- **Requirement**
Output, word for word, the lines of this listing that fall between the line with "Tranh lụa 3D" and the line with "Ganni Black Card Holder With Flap in Grained", counting both of those lines, and no others.

%%

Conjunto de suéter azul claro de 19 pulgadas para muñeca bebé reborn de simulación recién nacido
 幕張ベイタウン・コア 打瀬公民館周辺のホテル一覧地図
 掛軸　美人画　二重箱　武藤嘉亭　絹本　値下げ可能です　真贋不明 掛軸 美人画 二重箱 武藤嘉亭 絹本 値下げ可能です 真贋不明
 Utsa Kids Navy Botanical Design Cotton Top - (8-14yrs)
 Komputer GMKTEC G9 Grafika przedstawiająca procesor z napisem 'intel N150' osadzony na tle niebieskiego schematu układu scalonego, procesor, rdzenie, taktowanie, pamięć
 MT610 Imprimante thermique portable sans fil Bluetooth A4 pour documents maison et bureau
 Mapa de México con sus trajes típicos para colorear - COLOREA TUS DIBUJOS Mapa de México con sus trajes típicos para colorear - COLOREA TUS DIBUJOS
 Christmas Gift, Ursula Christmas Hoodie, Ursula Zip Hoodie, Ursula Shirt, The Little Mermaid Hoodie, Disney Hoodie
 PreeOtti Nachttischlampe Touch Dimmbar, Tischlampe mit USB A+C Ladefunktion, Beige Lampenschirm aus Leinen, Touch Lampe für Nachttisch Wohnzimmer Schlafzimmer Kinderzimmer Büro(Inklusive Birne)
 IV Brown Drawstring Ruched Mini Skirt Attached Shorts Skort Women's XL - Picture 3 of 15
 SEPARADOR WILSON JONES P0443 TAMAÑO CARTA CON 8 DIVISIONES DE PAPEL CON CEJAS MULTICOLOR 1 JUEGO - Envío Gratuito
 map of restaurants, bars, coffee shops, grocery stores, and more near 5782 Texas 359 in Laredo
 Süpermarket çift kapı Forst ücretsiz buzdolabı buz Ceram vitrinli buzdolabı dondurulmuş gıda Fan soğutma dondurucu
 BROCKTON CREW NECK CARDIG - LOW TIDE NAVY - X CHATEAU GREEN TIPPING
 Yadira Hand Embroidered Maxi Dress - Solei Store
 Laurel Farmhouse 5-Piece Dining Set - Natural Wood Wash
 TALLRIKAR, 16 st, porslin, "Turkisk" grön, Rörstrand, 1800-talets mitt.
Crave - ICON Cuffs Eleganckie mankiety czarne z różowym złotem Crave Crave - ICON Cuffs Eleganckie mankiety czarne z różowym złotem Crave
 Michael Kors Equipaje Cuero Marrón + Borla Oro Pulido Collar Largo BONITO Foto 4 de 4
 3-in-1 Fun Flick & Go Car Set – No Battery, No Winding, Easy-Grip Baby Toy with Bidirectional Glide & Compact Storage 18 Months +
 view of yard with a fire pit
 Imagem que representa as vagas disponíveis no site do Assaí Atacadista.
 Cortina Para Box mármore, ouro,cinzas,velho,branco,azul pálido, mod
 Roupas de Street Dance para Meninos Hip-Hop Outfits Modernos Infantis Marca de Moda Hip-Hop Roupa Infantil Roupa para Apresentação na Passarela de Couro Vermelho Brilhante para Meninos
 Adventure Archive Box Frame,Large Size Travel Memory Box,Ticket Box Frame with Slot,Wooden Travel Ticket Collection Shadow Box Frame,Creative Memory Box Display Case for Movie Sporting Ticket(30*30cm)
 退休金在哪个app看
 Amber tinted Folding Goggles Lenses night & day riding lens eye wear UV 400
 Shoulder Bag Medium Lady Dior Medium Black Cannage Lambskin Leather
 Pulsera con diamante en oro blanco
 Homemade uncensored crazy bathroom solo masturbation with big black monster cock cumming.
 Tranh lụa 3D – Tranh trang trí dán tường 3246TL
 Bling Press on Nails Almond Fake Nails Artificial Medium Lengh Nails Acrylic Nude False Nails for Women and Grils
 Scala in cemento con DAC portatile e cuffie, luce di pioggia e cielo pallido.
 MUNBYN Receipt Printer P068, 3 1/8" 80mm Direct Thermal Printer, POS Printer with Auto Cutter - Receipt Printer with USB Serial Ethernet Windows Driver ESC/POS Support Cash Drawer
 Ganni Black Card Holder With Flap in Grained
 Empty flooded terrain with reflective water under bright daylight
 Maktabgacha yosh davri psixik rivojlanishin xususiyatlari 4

%%

- **Answer for this exercise**
 Tranh lụa 3D – Tranh trang trí dán tường 3246TL
 Bling Press on Nails Almond Fake Nails Artificial Medium Lengh Nails Acrylic Nude False Nails for Women and Grils
 Scala in cemento con DAC portatile e cuffie, luce di pioggia e cielo pallido.
 MUNBYN Receipt Printer P068, 3 1/8" 80mm Direct Thermal Printer, POS Printer with Auto Cutter - Receipt Printer with USB Serial Ethernet Windows Driver ESC/POS Support Cash Drawer
 Ganni Black Card Holder With Flap in Grained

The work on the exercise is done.